About 4 years ago, Dr Vivian Balakrishnan told the House that his son had asked whether one should be prepared to die for Singapore. This sparked off a heated public debate. The cynics invariably linked this question to Ministerial salaries. To quote a member of the public, and I paraphrase: “Who are we trying to kid? Before we start talking about dying for Singapore, let us look at our leaders. We are told that we cannot get good leaders unless we pay top dollar, so why expect more from the rest of us”?

Citizens should be able to look to leaders for moral leadership and inspiration. If what they perceive are mercenaries at the helm, then asking them to make sacrifices will be met with cynicism and indifference. This will not bode well for Singapore’s future. What will happen when crunch time comes? Is this a time bomb planted for the future of Singapore?

If we are seriously unable to interest good people into public office, we must ask why other countries can do it and we cannot. Is it just money, or the fact that we have not invested in creating a culture of high public-spiritedness?

In some countries, there are young people aspire to hold public office. SM Goh had previously said that we could not expect to behave like people in other countries because we are a young nation and people still see things in material terms. How sad. After 41 years of nationhood, national service and national day parades, what do we teach our children? Do we judge a person’s worth by his salary? If so, we have wasted millions of tax dollars on these nation-building efforts, which have truly been in vain!

Public service must remain a noble undertaking for which people are prepared to make sacrifices in exchange for the benevolent power to improve the lives of others. If we corrupt this by money, we can be efficient but never a country of high ideals. As such, I cannot agree with the Members who see political office as yet another career choice. It must be more than a job, and the holder must be able to think of others besides himself.

And it does not matter what transparency the government has claimed in this attempt to justify the pay hike.”


Singaporeans perhaps don’t feel like they’re contributing very much at all, apart from economically, under “mercenaries at the helm”. It’s all very “transactional”. Most Singaporean NSFs and NSmen, I imagine, feel more affinity towards one another than towards the SAF at large- I have no real evidence to prove this, but it does usually feel that way. Those relationships are still real and they still do count towards building a sense of belonging.

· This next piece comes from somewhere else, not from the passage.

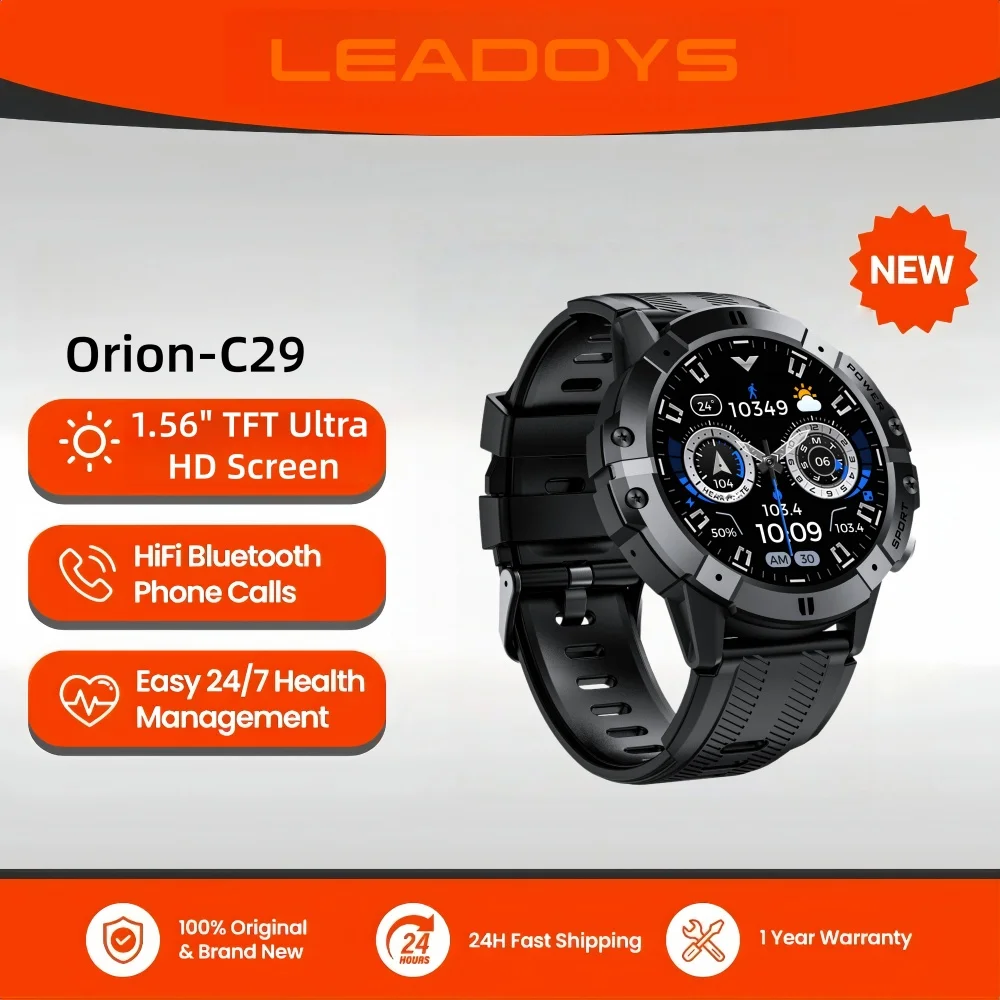 

LEADOYS C29 Мужские умные часы для занятий спортом на открытом воздухе - будильник для плавания/бега с управлением музыкой, длительный срок службы батареи, идеальные подарки для мужчин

What was Singapore like before we had a mercenary culture? Before we had a mercenary culture, my grandparents tell me, we had kampung spirit. I hope we are able to bring some of that back, because it would make living in Singapore a lot more bearable.

Personally, I would like to explore the concept that a sense of belonging is derived from a sense of contribution. (As JFK  famously said, “Ask not what your country can do for you, but what you can do for your country.”) When I say country, I don’t mean to say government. I mean to say, what can we do for each other, independent of the government, to make Singapore a better place to live in, for one another? I still intuitively feel that we have to encourage and support the arts, sports- there is something about that that reminds me of Broken Windows Theory.

Essentially it seems that the best thing that we can do to re-create a sense of belonging for Singaporeans is to create conditions where we feel that we are somehow involved, that we’re contributing to something greater than ourselves. I instinctively want to talk about encouraging the arts.

“weak local arts scene. You had anti-bush artists during bush’s reign, who weren’t afraid of speaking out. Here artists of any kind have a kind of castrated aura about them. And with a weak local arts scene you can’t build a locally flavored pop culture that is the catalyst (not the main ingredient, though) to the construction of a strong sense of identity.”

“An arts scene (and a sports scene, too!) gives people something to be a part of, something to contribute to, to witness and to be engaged by- it’s kind of like a larger family, a larger coffeeshop, a larger entity/organism.”

What can we do? That’s the most important question, now.  Complaining doesn’t help. What are your suggestions? Let’s get cracking!